Słuchaj księdza, ale jego uczynków nie naśladuj, bo jest takim samym grzesznikiem, jak inni. Przebijaj się przez to, co widoczne, by odczytywać Boże Słowo swojego Mistrza, Nauczyciela i Ojca - Jezusa Chrystusa, który cię prowadzi przez księdza grzesznika. Słuchaj Słowa Pana, a nie księdza. Mamy myśleć i mówić: „Panie chcę Ciebie słuchać, prowadź mnie, udzielaj łaski”. Gdy tak to rozumniemy, to nie wbijamy w pychę kapłana. To Jezus jest autorytetem moralnym, nie kapłan.

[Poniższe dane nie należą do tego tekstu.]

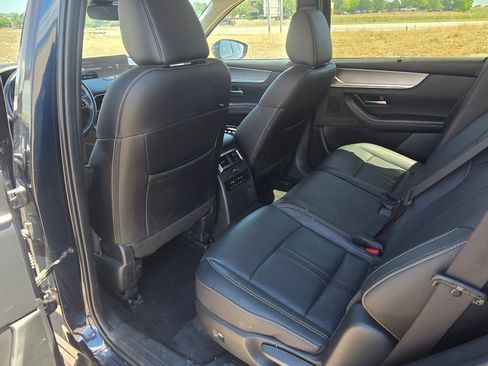 Used 2025 MAZDA CX-90 Plug-In Hybrid w/ Preferred AWD/4WD image 15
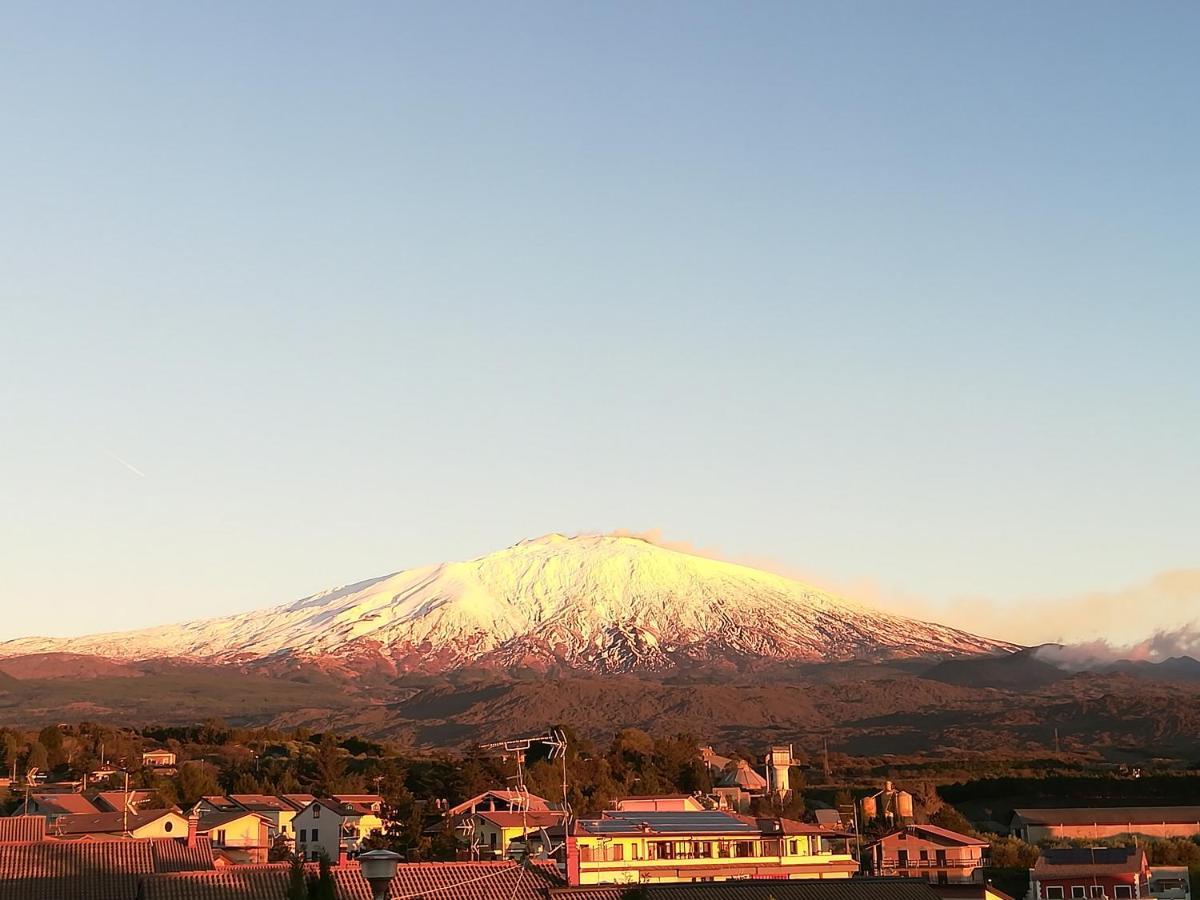ブロンテ Good Morning Etna Bed & Breakfast エクステリア 写真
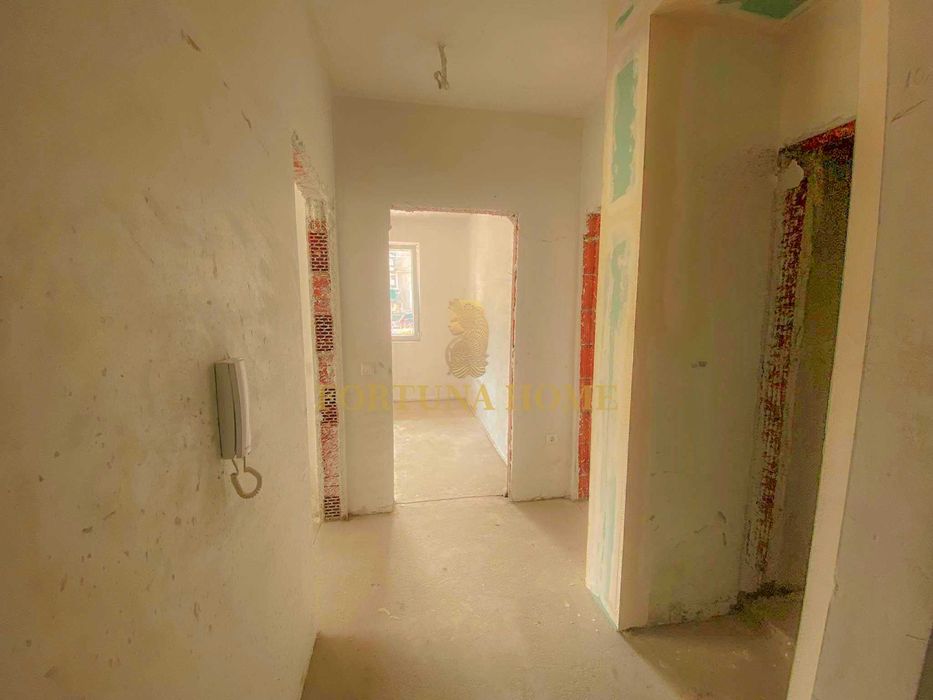 Продава се Тристаен апартамент в Варна, Виница - 90 кв.м за 1245 €/кв.м - Снимка #2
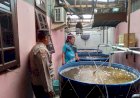 Bhabinkamtibmas-Polsek-Tulangan-Polresta-Sidoarjo-melaksanakan-peninjauan-budidaya-ikan-lele-di-Desa-Pangkemiri
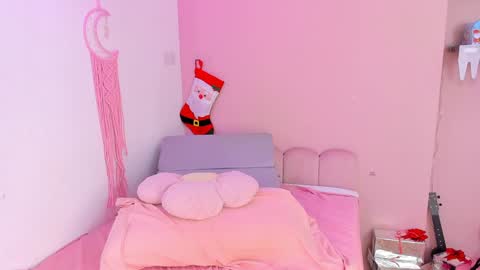 Little Effy online show from 12-26-24, 12:36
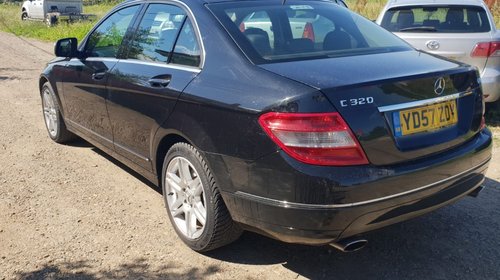 Dezmembrez Mercedes C-Class W204 2007 elegance 3.0 cdi v6 om642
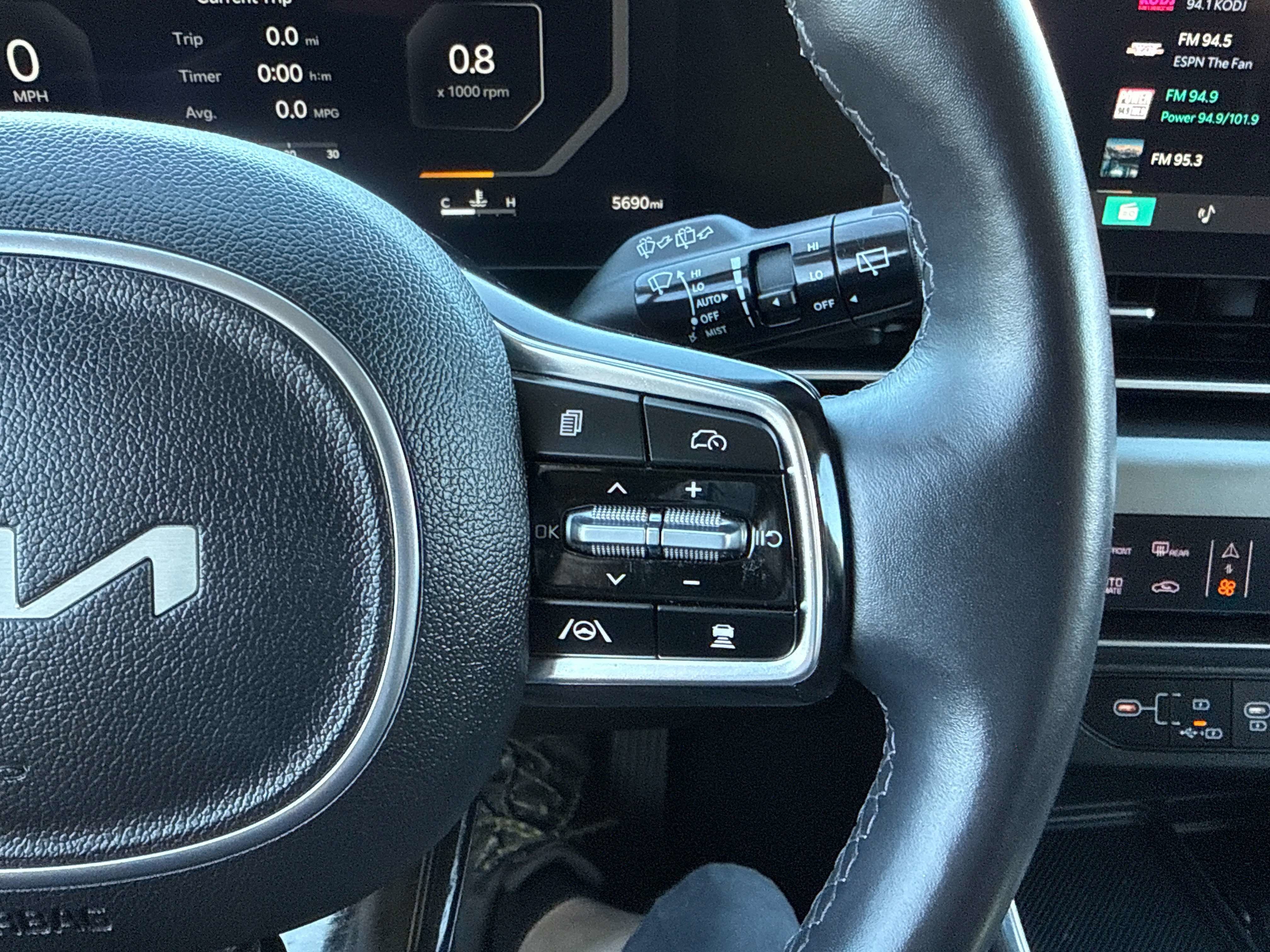 2025 Kia Carnival SX Prestige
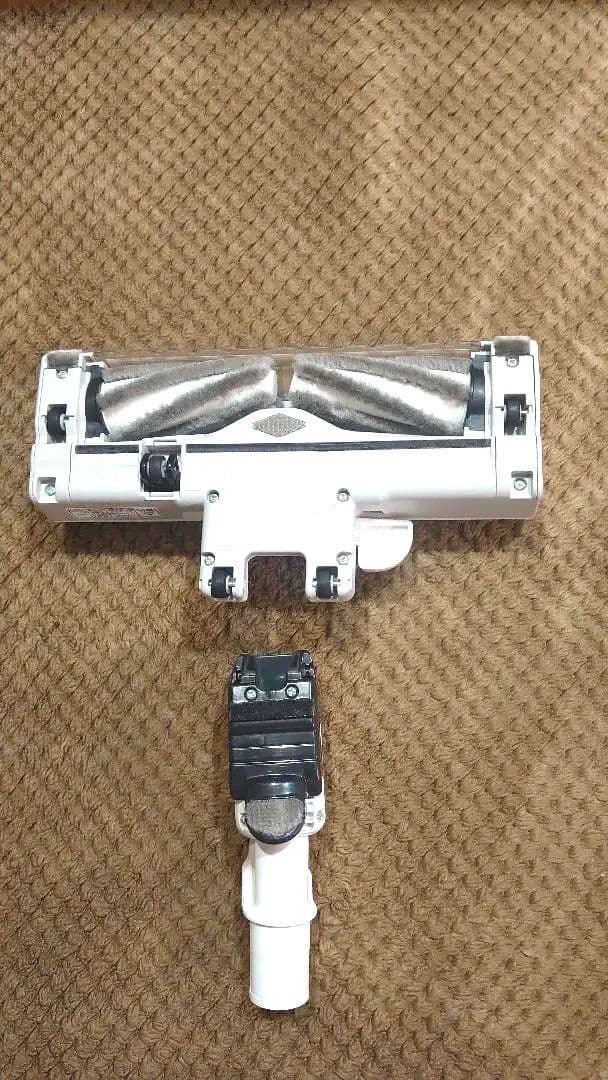 パナソニック紙パッククリーナー　極美品　驚きの軽さ　　MC-JP850K-W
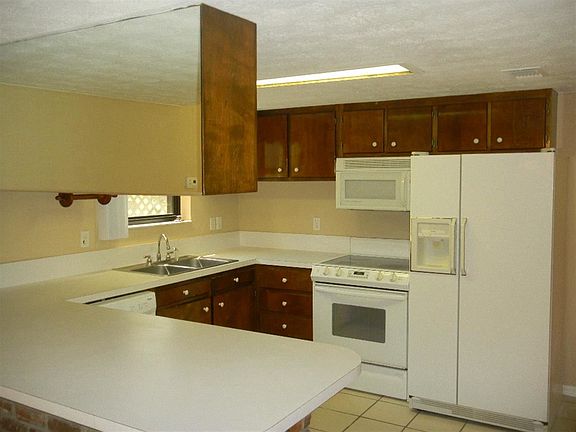 3rd image of 7040 Blueberry Hill Dr
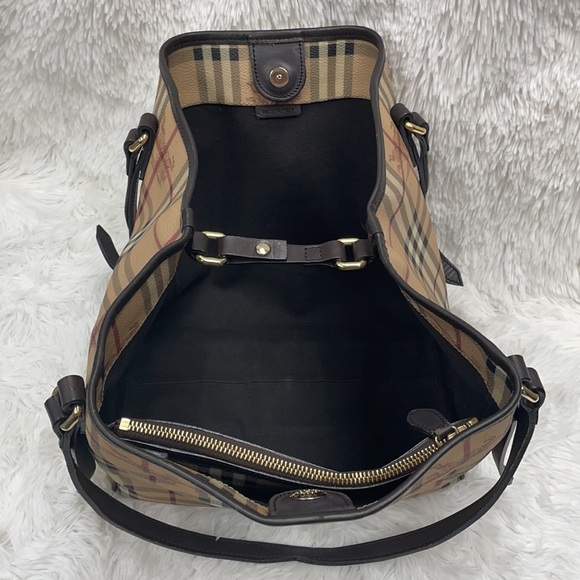 BURBERRY HAYMARKET CHECK  LEATHER/PVC TOTE WITH REMOVEABLE POUCH FINAL SALE - Picture 10 of 16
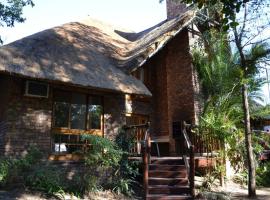 Kruger Park Lodge - Golf Safari SA, хотел в Хейзивю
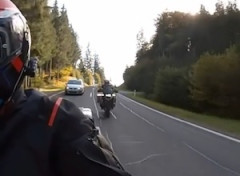 【動画】カーブで追い越しをしようとして道路を逸れたバイク乗りの奇跡のリカバリー。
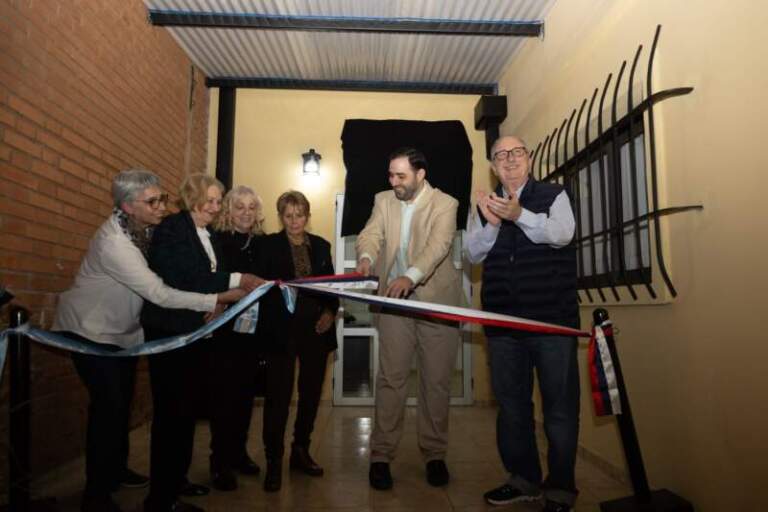 «El acercar los servicios a la comunidad es la cosa más digna que pueda hacer una gestión», dijo Passalacqua al inaugurar en Alem un Centro de Diagnóstico del Cáncer "El acercar los servicios a la comunidad es la cosa más digna que pueda hacer una gestión", dijo Passalacqua al inaugurar en Alem un Centro de Diagnóstico del Cáncer imagen-26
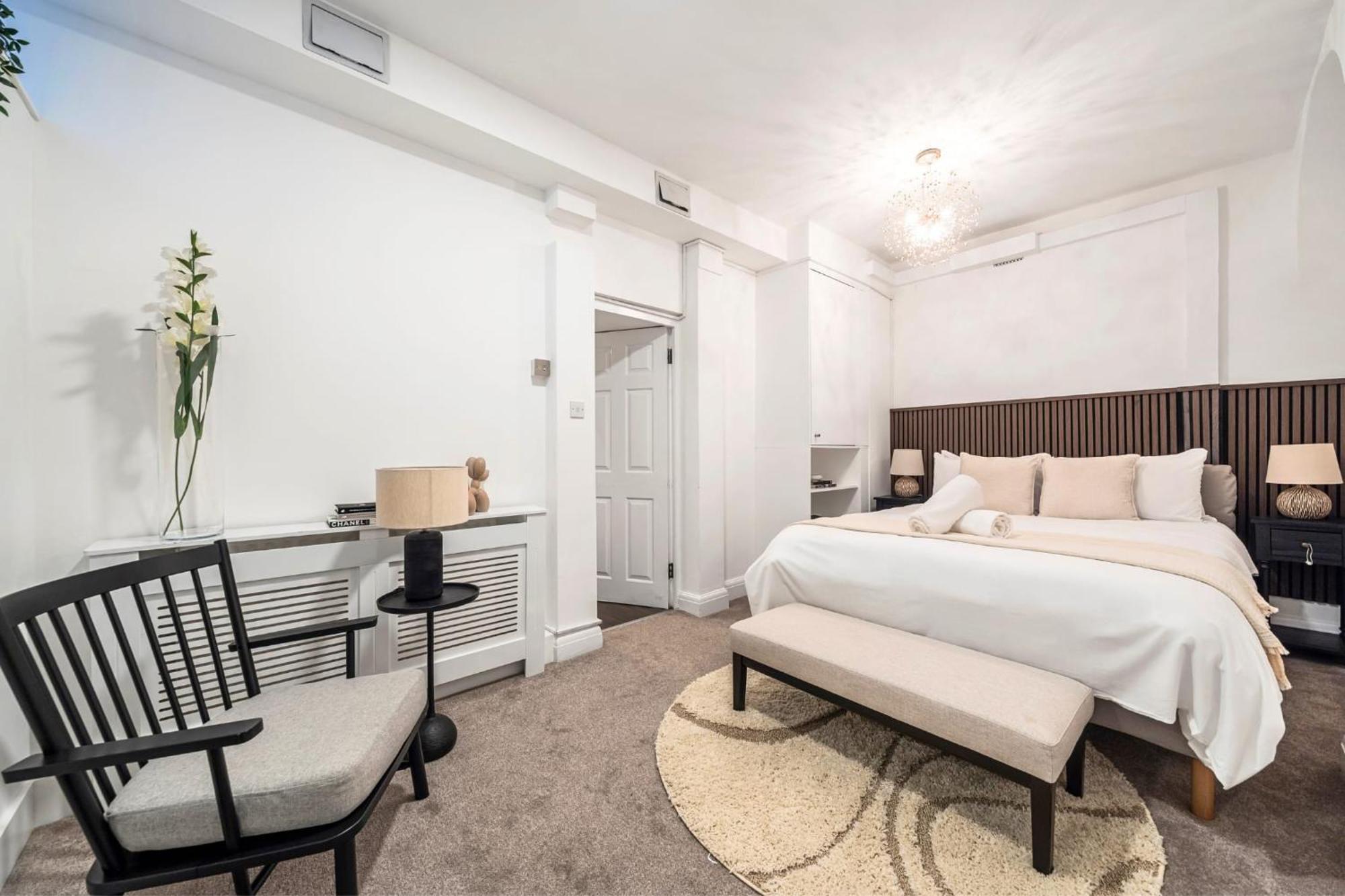 Holiday home Madestays Premium Hyde Park Townhouse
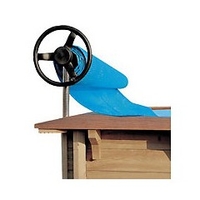 Enrouleur pour bâche à bulles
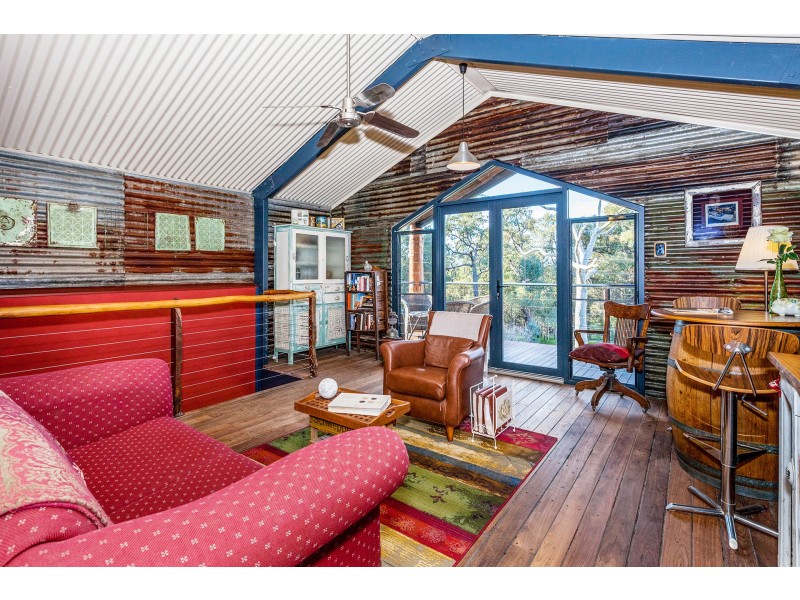 18 Yellowstone Retreat, Gidgegannup WA 6083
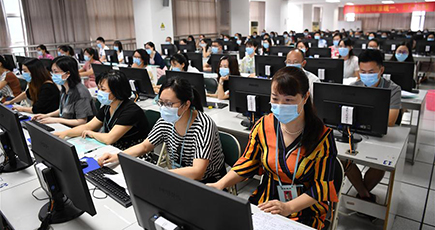 全国統一大学入試「高考」の採点現場を公開　重慶市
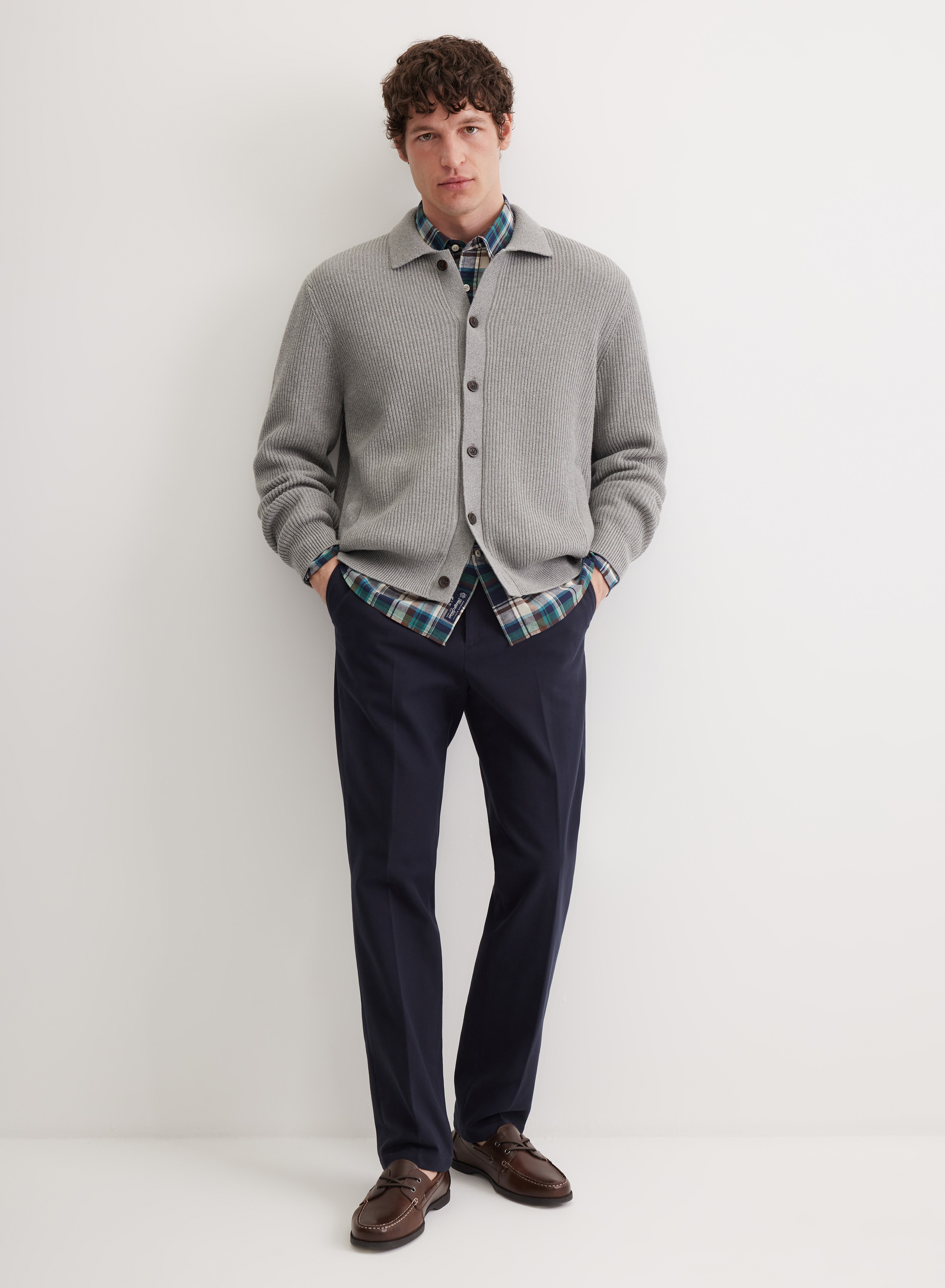 Классический кардиган с длинным рукавом и отложным воротником - основное изображение товара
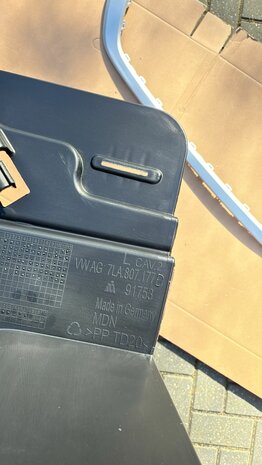 T6 Bumpersteun links-voor met 7LA807177B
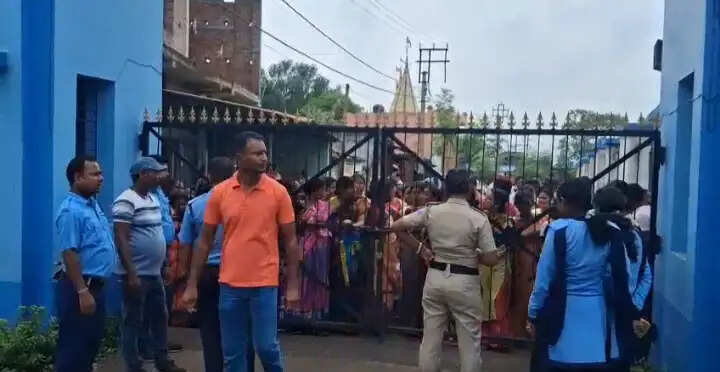 बाराबनी में अन्नपूर्णा योजना के सत्यापन के दौरान आंगनबाड़ी कर्मियों के साथ कथित दुर्व्यवहार, थाने में शिकायत दर्ज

Słuchajcie kapłana, ale uczynków jego nie naśladujcie.

Po Mszy św. złożyliśmy ks. Kazimierzowi życzenia, ponieważ następnego dnia przypadają Jego imieniny. Życzyliśmy Mu wszelkich łask, potrzebnych w wypełnianiu powołania kapłańskiego, aby swoich wiernych prowadził do prawdziwego Mistrza, Nauczyciela i Ojca, którym jest Jezus Chrystus. W życiorysie św. Kazimierza Królewicza czytamy, że był on człowiekiem o czystym sercu, kochał Matkę Bożą i Eucharystię, więc ks. Kazimierzowi życzyliśmy podobnego usposobienia serca i świętości oraz, by opierał swoje życie na Matce Bożej i Eucharystii. Św. Kazimierz nienagannie wypełniał swoje obowiązki polityczne, więc życzyliśmy ks. Kazimierzowi, aby Jego św. Parton wspomagał w wypełnianiu obowiązków proboszcza w nowej parafii św. Izydora w Markach.